> [Work instructions]
The listing below must be repeated word for word, without its pictures.

> [Data block]
╭──

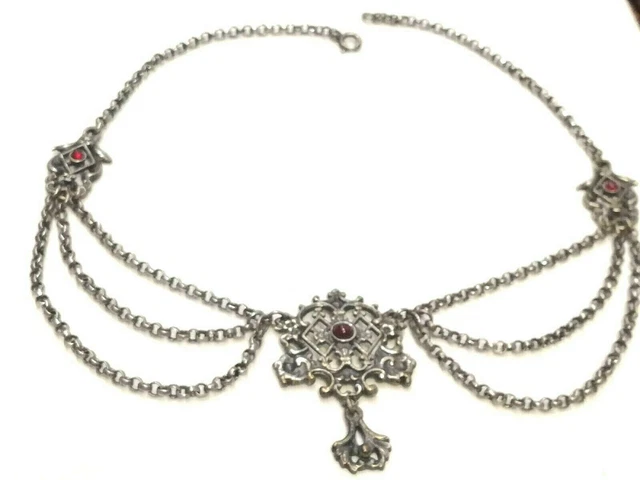 Magnifica Collana Tradizionale Con Granate - Argento 800 - Catena L: 41,5...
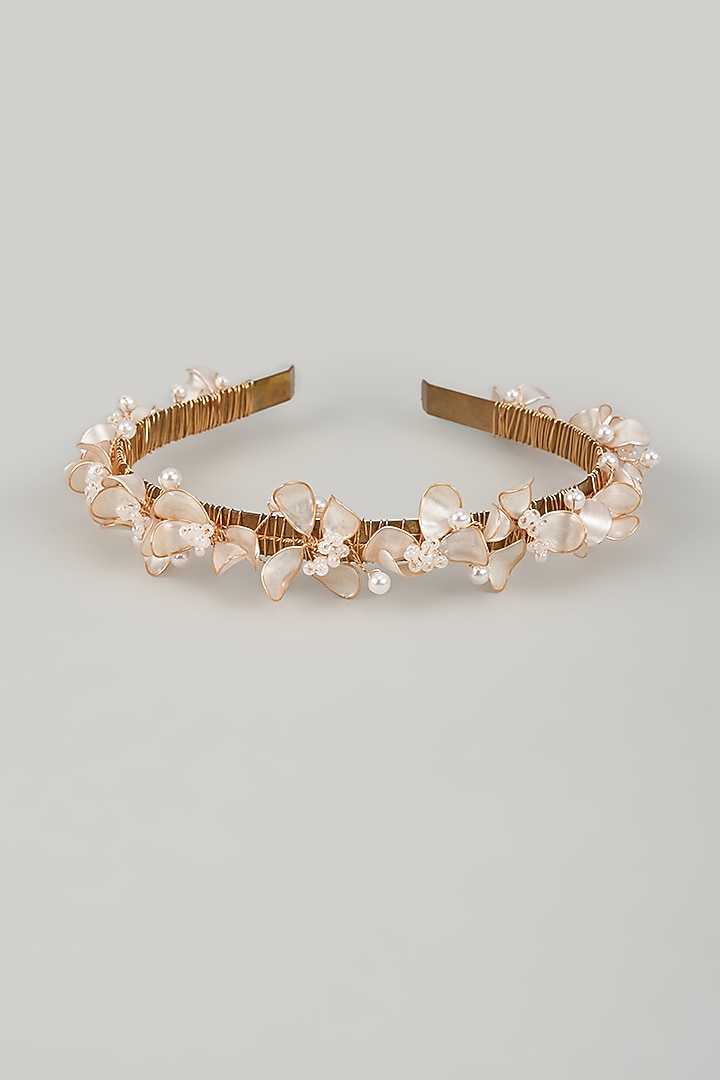 Gold Finish Pearl White Enameled Floral Hair Band by THE BEAUTIFUL SECRET at Pernia's Pop Up Shop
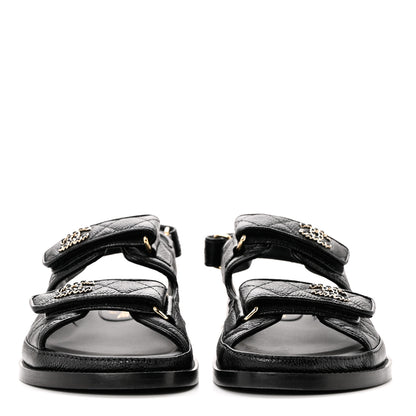Chanel Grained Calfskin Velcro Dad Sandals 36.5 Black 2 of 9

╰──

> [Task answer]
 Magnifica Collana Tradizionale Con Granate - Argento 800 - Catena L: 41,5...
 Gold Finish Pearl White Enameled Floral Hair Band by THE BEAUTIFUL SECRET at Pernia's Pop Up Shop
Chanel Grained Calfskin Velcro Dad Sandals 36.5 Black 2 of 9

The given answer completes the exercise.